Dato Jikia: Am Tag vor der Demonstration war die Stimmung schon ziemlich unerträglich. Wir haben sehr lange auf diese Wahl gewartet. Es gab ja schon eine große Demonstration im Frühling, wo wir die ganze Nacht draußen geblieben sind. Weil sie damals das “Foreign Influence Law” verabschiedet haben, dass es keine nichtstaatlichen Organisationen im Land geben darf. Weil diese, wie sie behaupten, westliche Propaganda verbreiten würden. Dabei war es die Regierung, die mit Propaganda Stimmung gegen LGBTQ gemacht hat. All diese verrückten Sachen haben uns sehr lange auf diese Wahl warten lassen. Aber dann hat der “Georgische Traum” 54% der Stimmen bekommen, was verheerend für uns ist.
Es wurde dann zum Protest aufgerufen. Du warst auch da.
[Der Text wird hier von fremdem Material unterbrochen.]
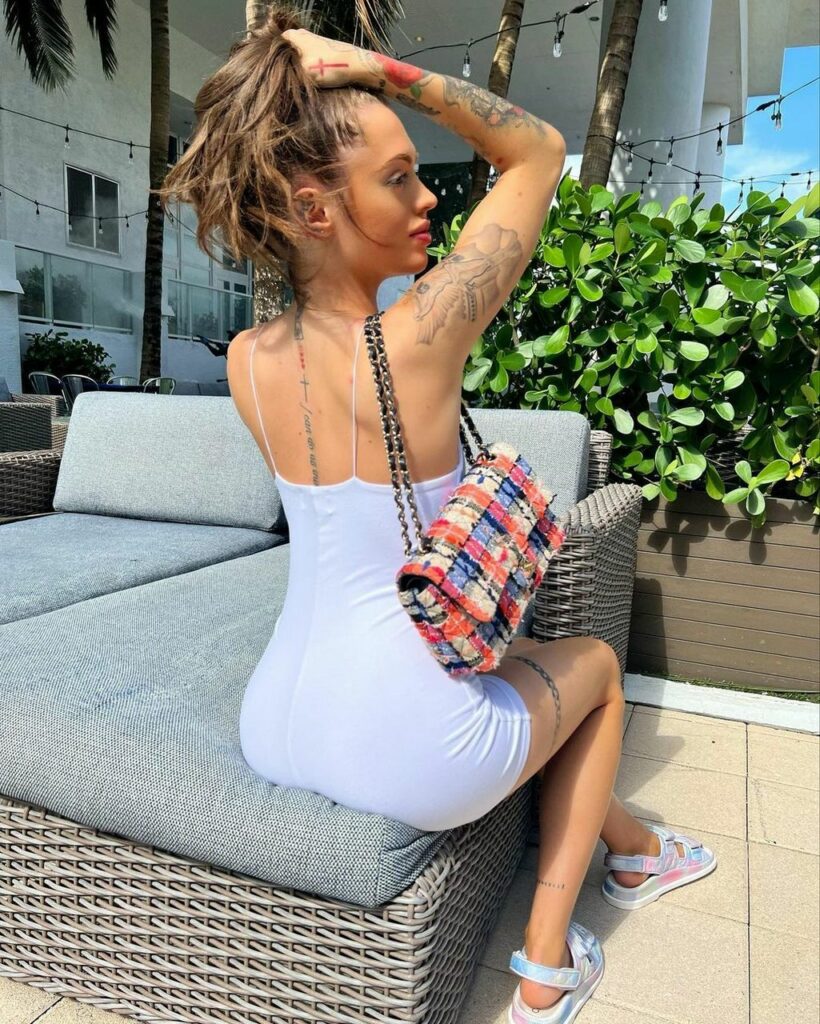 Victoria Waldrip Feet (17 sexy photos)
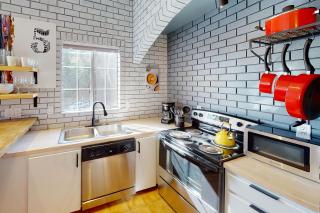 Yaquina Bay & Bridge Views! Watch the Boats! Kitchen is a culinary delight! Unit 5 - Newport - 1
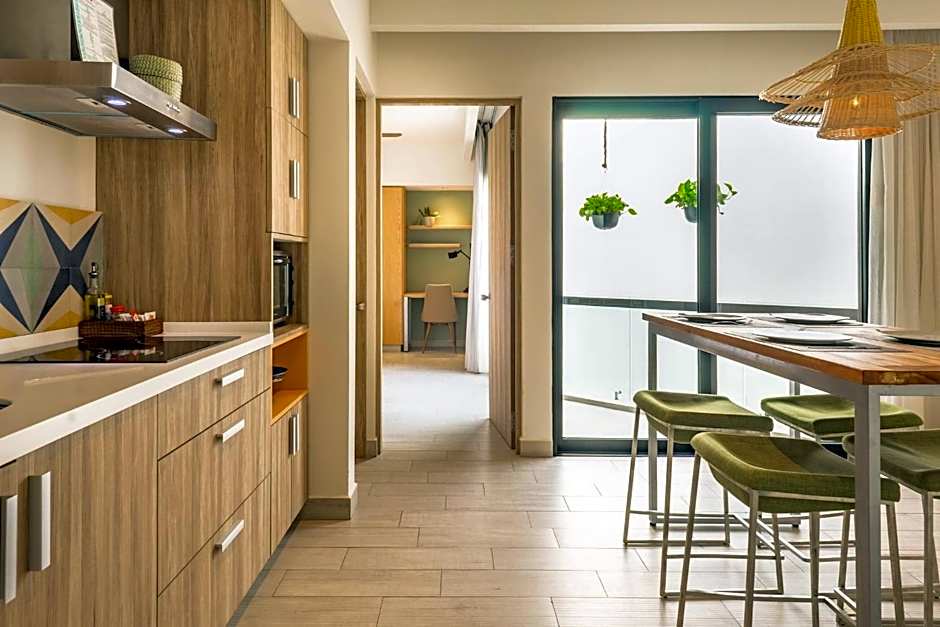 Opal Suites Apartments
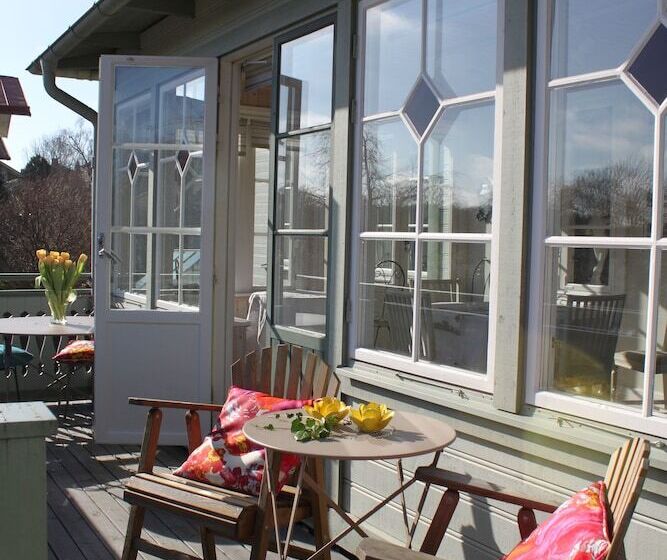 פנסיון L Villa Vesta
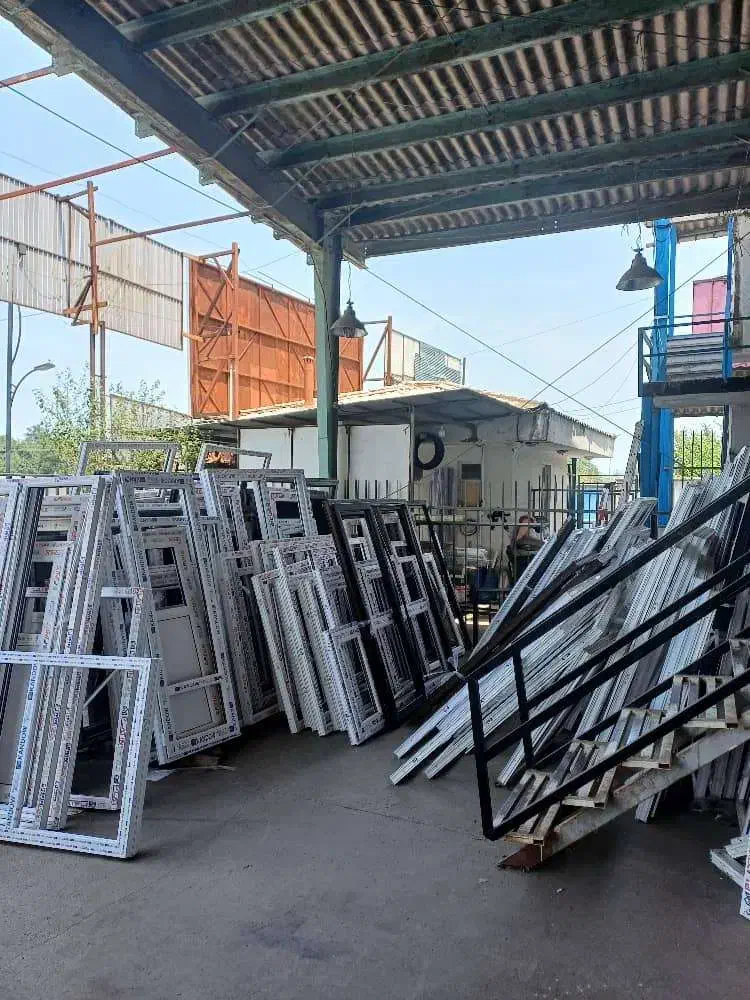 فروش درب و پنجره های دوجداره و آلومینیوم ترمال|مصالح و تجهیزات ساختمان|لاهیجان, گلستان|دیوار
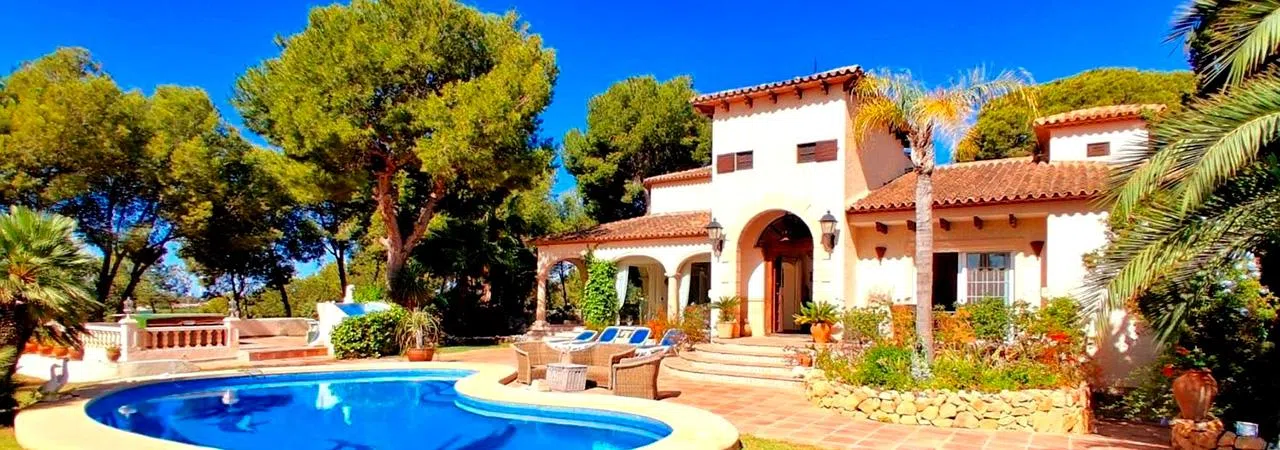 Vivienda en Alfaz del Pi, Alicante - 1.575.000 eur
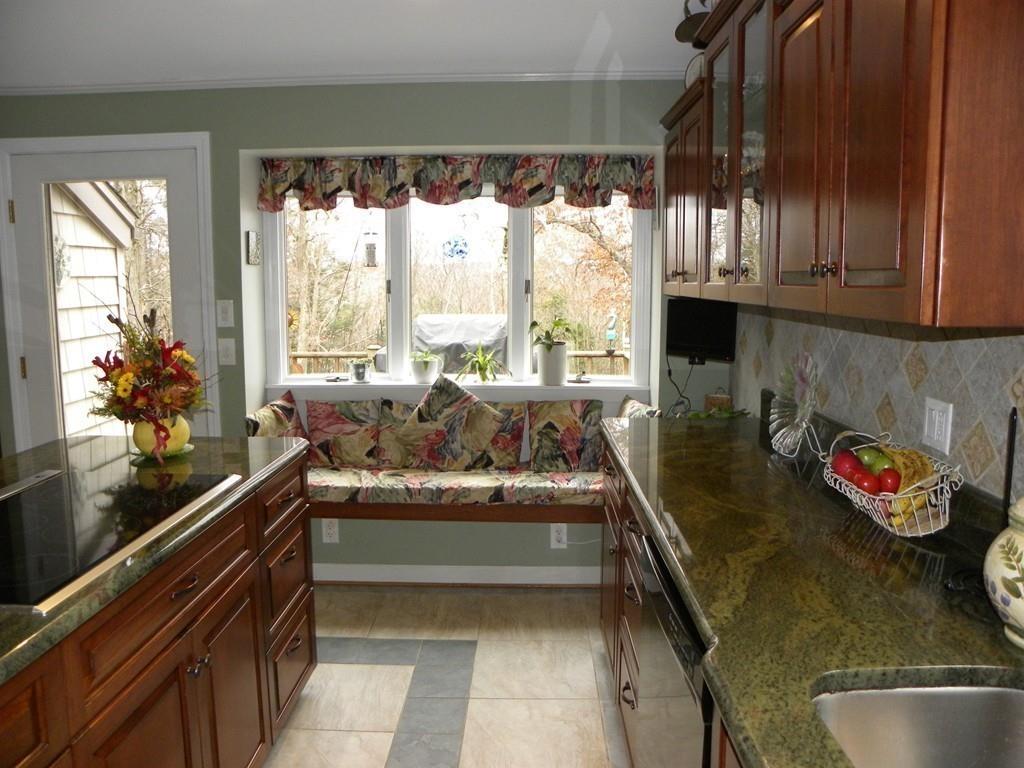 101 Vinton Road Holland, MA 01521 - Photo 28 of 42 a living room with furniture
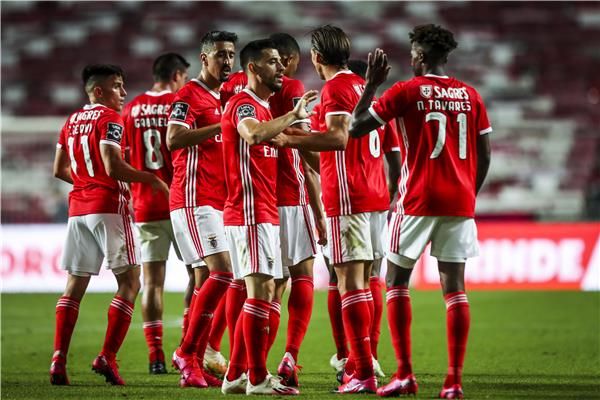 فرحة لاعبي بنفيكا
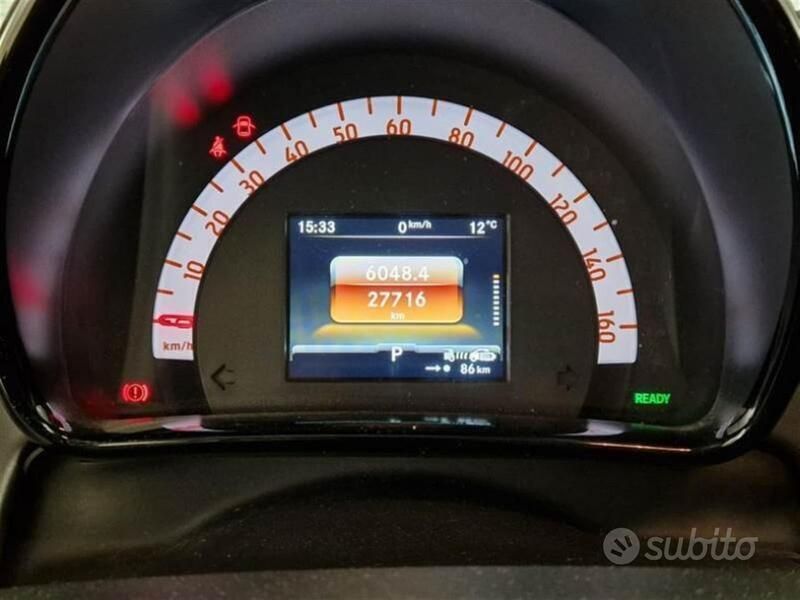 Rosso Usata 2021 Smart ForTwo Electric Drive Cabrio | 9000 € (Super prezzo) - Immagine 1/4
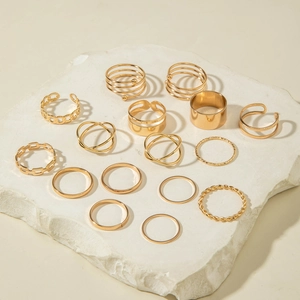 Flachbild von 15-teiligem goldenem Ring-Set mit Blatt- und Perlendetails auf Stein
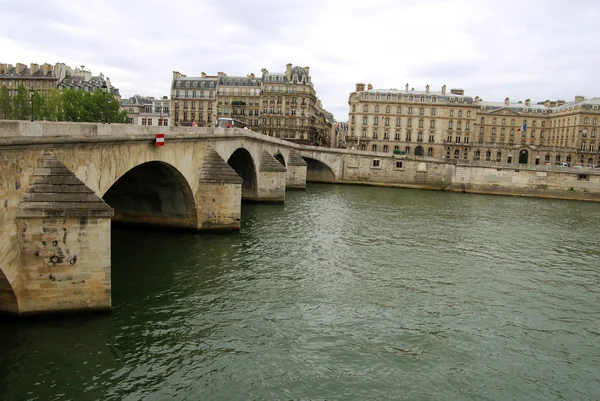Puente medieval sobre el Sena — Foto de Stock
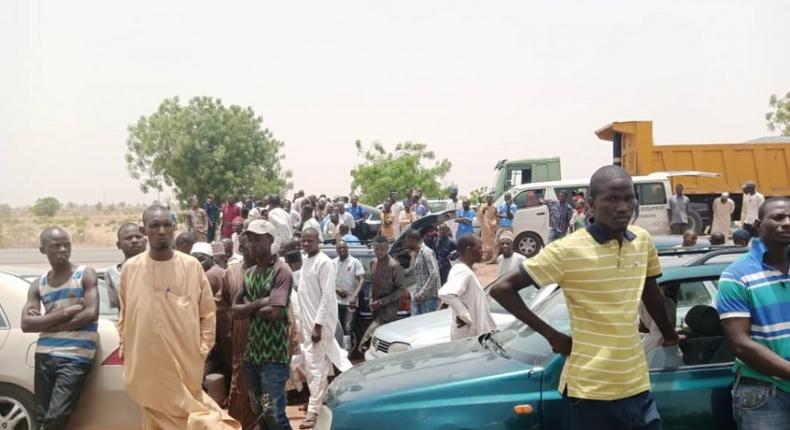Stranded commuters on Borno-Yobe border. [NAN]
Wie hast du denn die Stimmung auf der Demonstration empfunden?
Die Stimmung war überwältigend. Vor allem, weil es einfach so viele Menschen waren. Man konnte es auf Drohnenaufnahmen sehen, etwa 100 000 Menschen sollen gekommen sein. Wir werden auch jederzeit wieder rausgehen, wenn es eine Demonstration gibt, weil wir schon wieder unserer Stimme und des wahren Ergebnisses beraubt wurden.
Die Präsidentin hat von Einschüchterung und einer “russischen Spezial-Mission" am Wahltag geredet. Wie lief der Wahltag für euch ab?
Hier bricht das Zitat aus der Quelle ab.